York Dispatch investigative reporter David Weissman has been taking a close look at the York City Ice Arena, which one former city official said has had "problems from day one" and is now the subject of a criminal investigation. The York Dispatch
Nearly two decades after the creation of a new ice arena in York City fell short of expectations, city taxpayers are still shouldering the financial burden — and will be through 2027.
Two of the most ardent supporters of that new arena are now in charge of it with the hope of revitalizing their original vision.
That vision — pitched at the start of the new millennium by York City's then-economic development director Eric Menzer and the York City Recreation Corp. — convinced city leaders to guarantee a $7.3 million bond in 2001 to build the two-rink facility.
The corporation was handed control of the facility with the plan for it to pay off the bond with profits from the facility, but within two years, it had lost more than $525,000 and defaulted, forcing the city to take over.
City costs: Michael O'Rourke, the city's business administrator at the time, was against the idea from the start and recalled that there were "problems from day one," he said.
"(The corporation was) going to sell ads, have a restaurant, a liquor license, sell naming rights," O'Rourke said. "They did nothing ... and suddenly the city owed an unanticipated $600,000 from our general fund."
He recalled that multiple conversations were held about selling the facility, but the decision was made to keep it because the sale price likely would have been for less than they still owed.
The city has been paying more than $600,000 per year — including interest — toward that bond since 2003, with initial plans to have it paid off by 2021. But last year, the city council voted to refinance that bond with a separate 2011 bond, extending the expected date of payoff to 2027.
Menzer, who describes himself as the lead person within the city who pushed for the arena, said, "There's no getting around the fact that the original business proposition ... didn't work."
Mark Skehan, a member of the York City Recreation Corp., said the financial struggles were a result of trying to do too much right from the start.
Menzer added that it's important to note the city was already in "the rink business" before guaranteeing that 2001 bond. The city's old facility was breaking down, and officials were faced with a difficult decision, he recalled.
"Hindsight is 20/20, but I don't know if I would've done anything differently," he said. "We could've built a smaller rink or put money in to fix the old rink, but there's no way to know how those situations would've worked out."
Revs: Shortly after taking control of the arena, the city hired Rink Management Services (RMS) to manage the facility.
The company, which maintains ice and related equipment at 28 ice rinks, produced more than $1.25 million in operating profits from 2004-2013, according to its proposal to keep its city contract in 2014.

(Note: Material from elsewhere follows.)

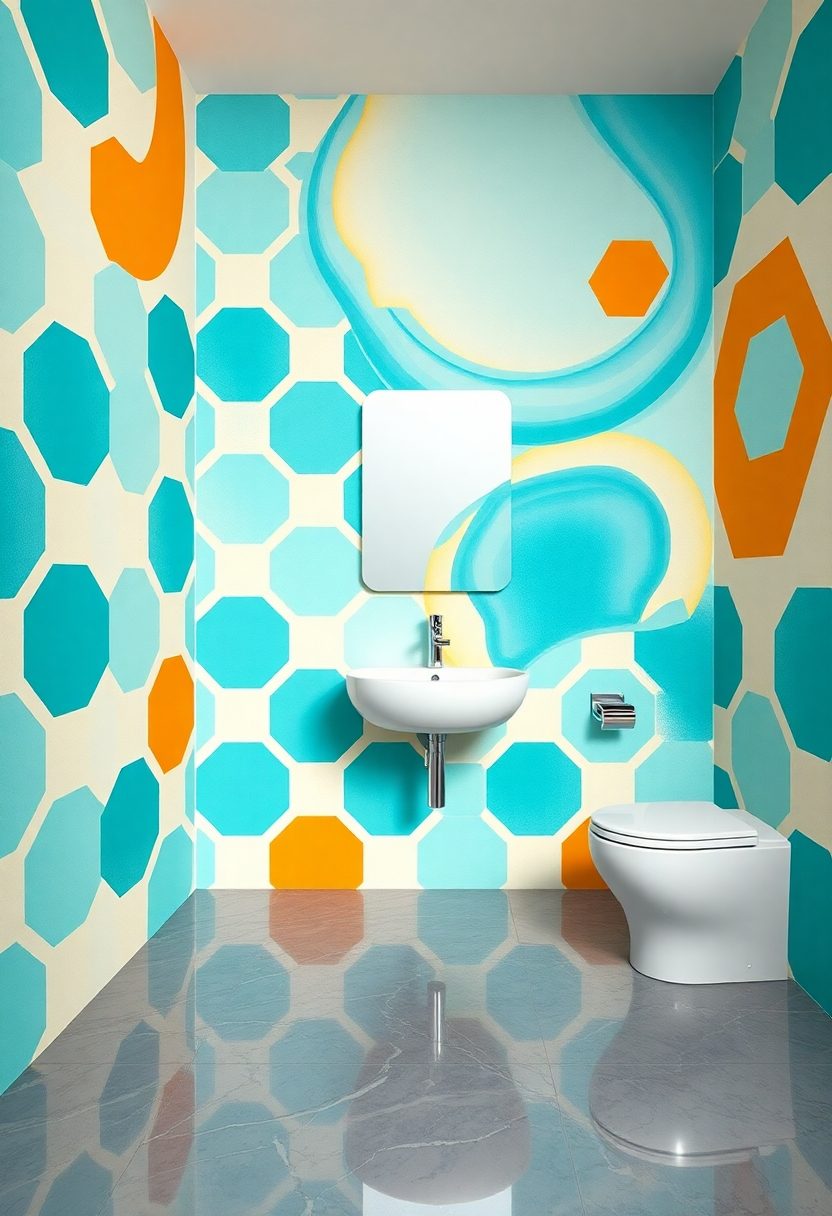 Bathroom Wallpaper Ideas: Abstract Art Designs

Management of the arena was instead contracted in 2014 to the York Revolution, whose president is Menzer.
The arena produced nearly $90,000 in profit during the first few months under Revolution management, but it has since lost about $130,000 from 2015 through September 2017, according to income statements submitted to the city.
Menzer attributes the losses to a couple of factors: the continued discovery of deferred maintenance issues and a decline in popularity for public skating sessions.
He said he hopes to capitalize on 2018 as a Winter Olympics year to attract more youth skaters and pointed to the contract the city signed with the Skipjacks Hockey Club in 2016 as a major potential revenue generator for the future.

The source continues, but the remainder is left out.